Brief descriptive captions
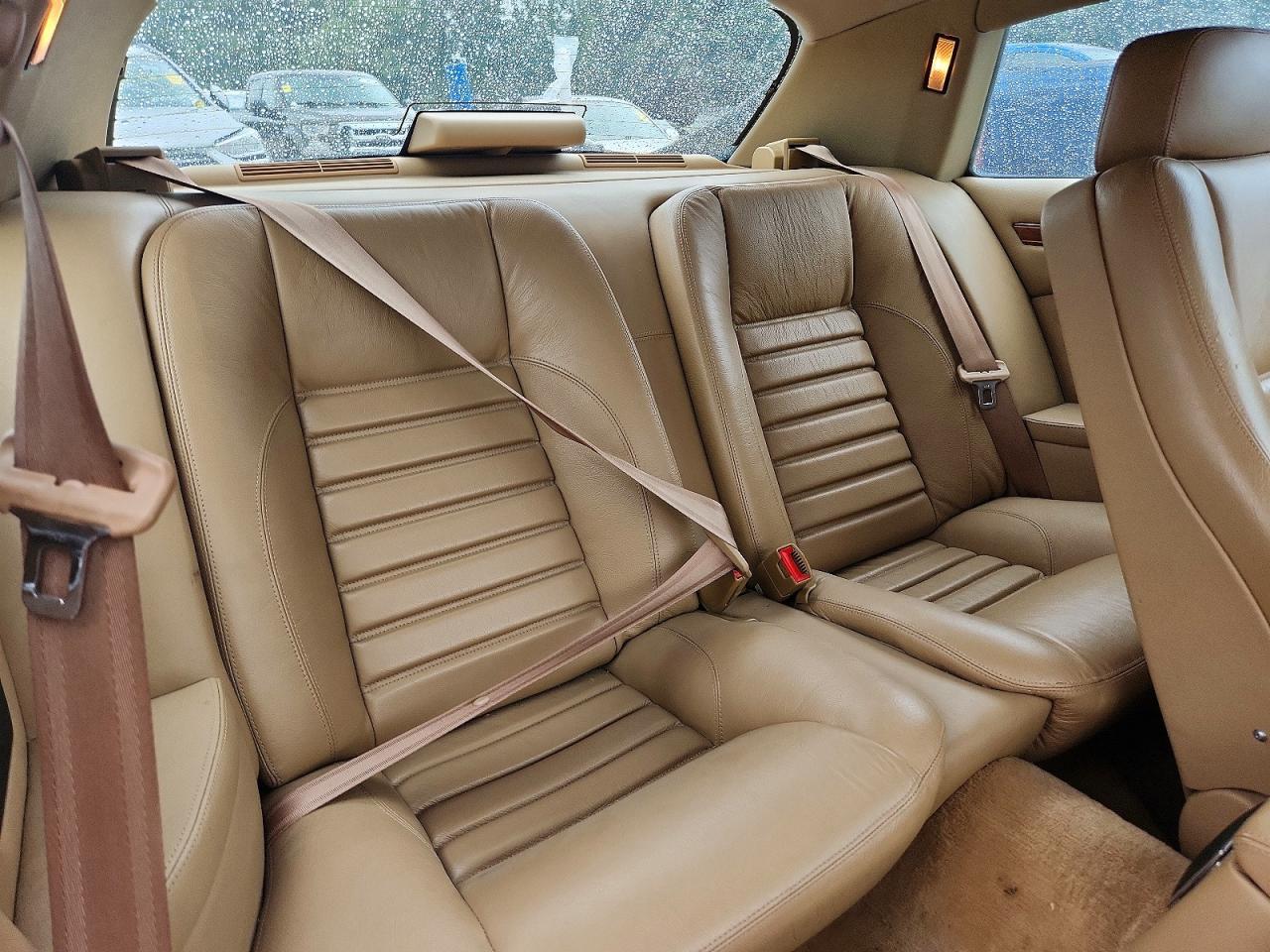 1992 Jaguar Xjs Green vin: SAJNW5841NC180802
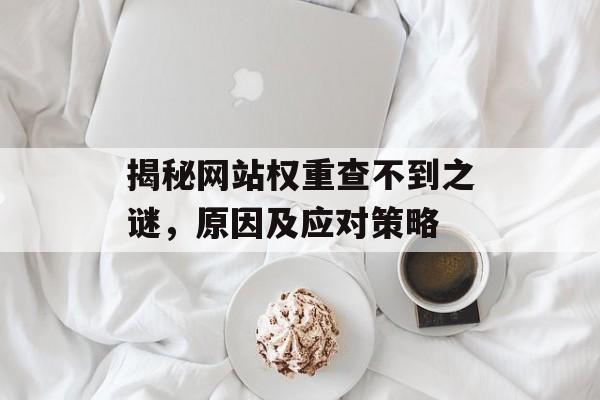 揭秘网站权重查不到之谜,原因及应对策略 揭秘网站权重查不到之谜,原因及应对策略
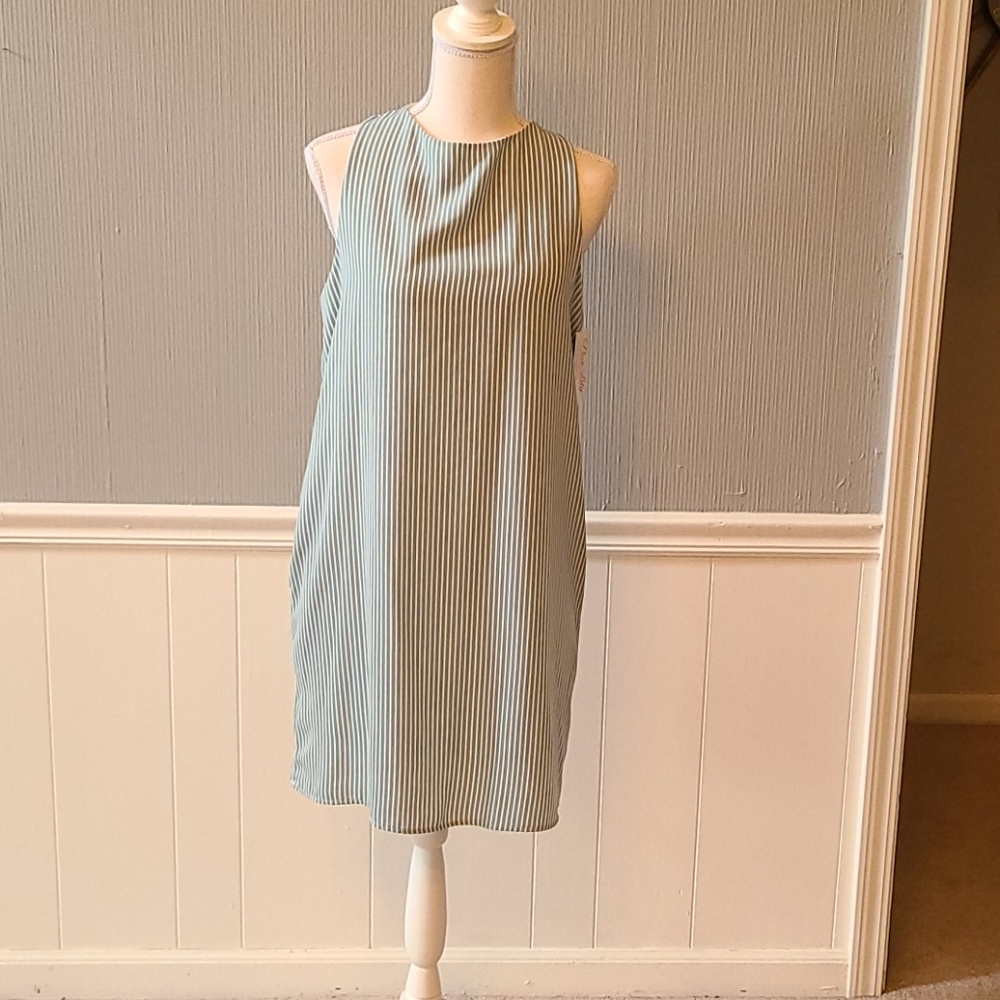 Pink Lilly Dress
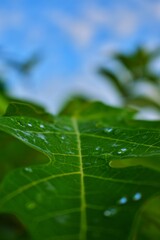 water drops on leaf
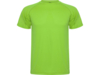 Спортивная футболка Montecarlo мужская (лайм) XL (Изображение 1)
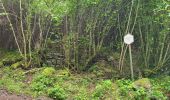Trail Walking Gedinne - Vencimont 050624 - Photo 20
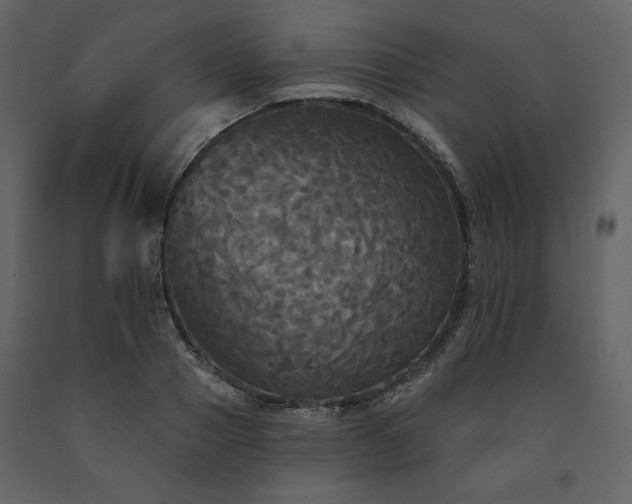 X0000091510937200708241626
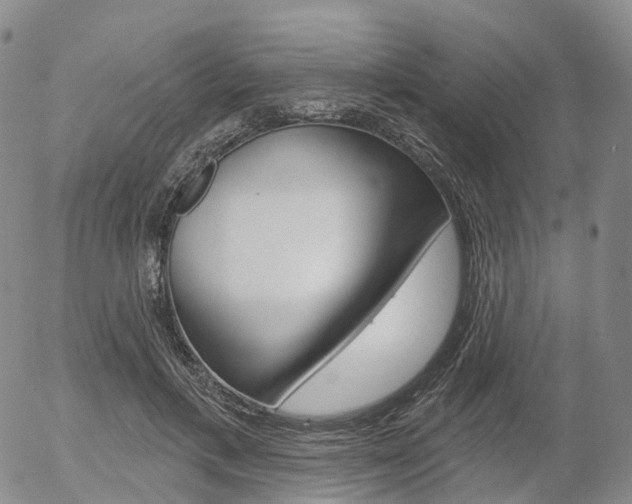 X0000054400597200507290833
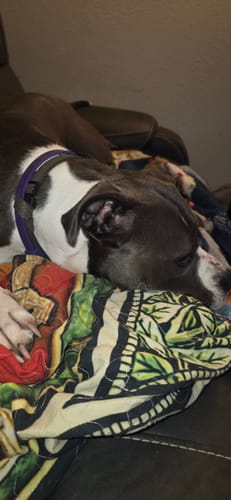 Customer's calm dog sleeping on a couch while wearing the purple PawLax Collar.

# [BRIEF]
From the line containing "X0000054400597200507290833" through the last line of the records above, reproduce every line exactly, leaving out the pictures.

# [ANSWER SECTION]
 X0000054400597200507290833
 Customer's calm dog sleeping on a couch while wearing the purple PawLax Collar.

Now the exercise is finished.